> _AIM OF THE TASK_
Once the images are removed, set down everything else in the listing below exactly.

> _DATA SHOWN_

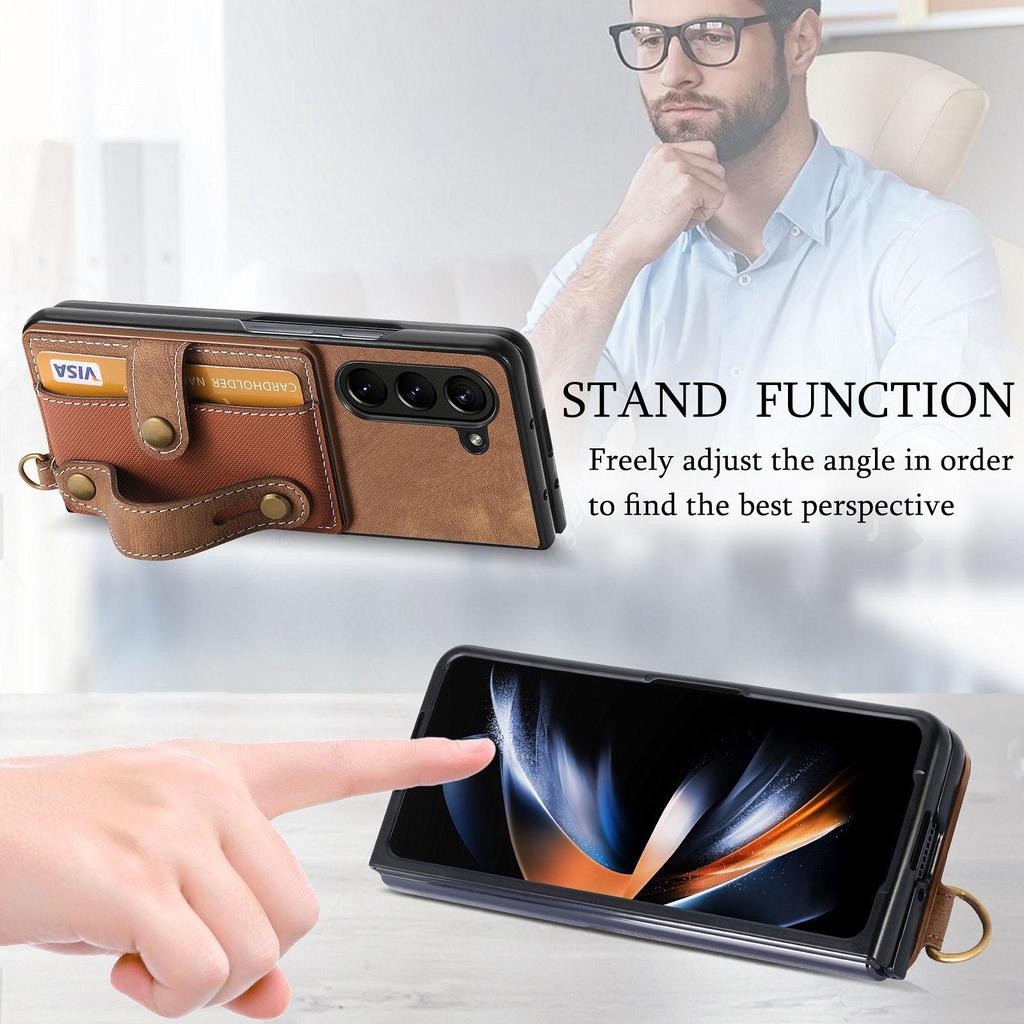 Чехол-бумажник из кожи с слотом для карт и ремешком для Samsung ZFold7/ZFold6 - Защитная обложка из ПУ с ощущением кожи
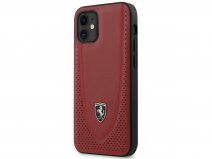 Ferrari Perforated Leather Case Rood - iPhone 12 Mini Hoesje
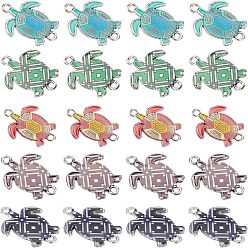 Random Single Color or Random Mixed Color 40Pcs Alloy Links Connectors, with Enamel, Platinum, Tortoise, Random Single Color or Random Mixed Color, 24x18x2mm, Hole: 1.5~1.8mm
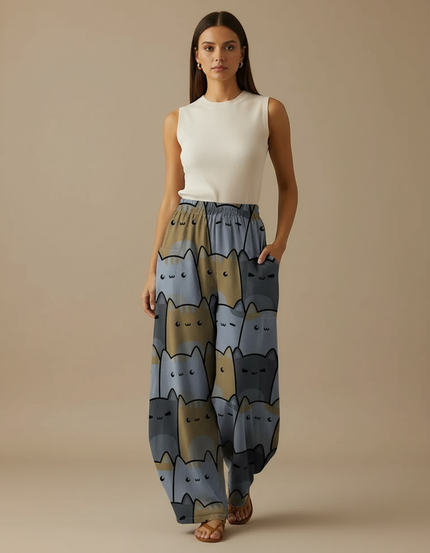 Pantalon Parachute Imprimé Chats Ample Décontracté Poches - Viscose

> _RESPONSE_
 Чехол-бумажник из кожи с слотом для карт и ремешком для Samsung ZFold7/ZFold6 - Защитная обложка из ПУ с ощущением кожи
 Ferrari Perforated Leather Case Rood - iPhone 12 Mini Hoesje
 Random Single Color or Random Mixed Color 40Pcs Alloy Links Connectors, with Enamel, Platinum, Tortoise, Random Single Color or Random Mixed Color, 24x18x2mm, Hole: 1.5~1.8mm
 Pantalon Parachute Imprimé Chats Ample Décontracté Poches - Viscose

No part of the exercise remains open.